▸ Problem details: Each of the lines below must be restated exactly.

▸ Supplied material:
◇ ◇ ◇ ◇ ◇ ◇ ◇

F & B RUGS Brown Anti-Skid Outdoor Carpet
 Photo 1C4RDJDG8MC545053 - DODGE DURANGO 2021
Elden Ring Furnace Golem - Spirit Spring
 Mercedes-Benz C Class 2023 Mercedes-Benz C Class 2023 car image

◇ ◇ ◇ ◇ ◇ ◇ ◇

▸ Solution below:
F & B RUGS Brown Anti-Skid Outdoor Carpet
 Photo 1C4RDJDG8MC545053 - DODGE DURANGO 2021
Elden Ring Furnace Golem - Spirit Spring
 Mercedes-Benz C Class 2023 Mercedes-Benz C Class 2023 car image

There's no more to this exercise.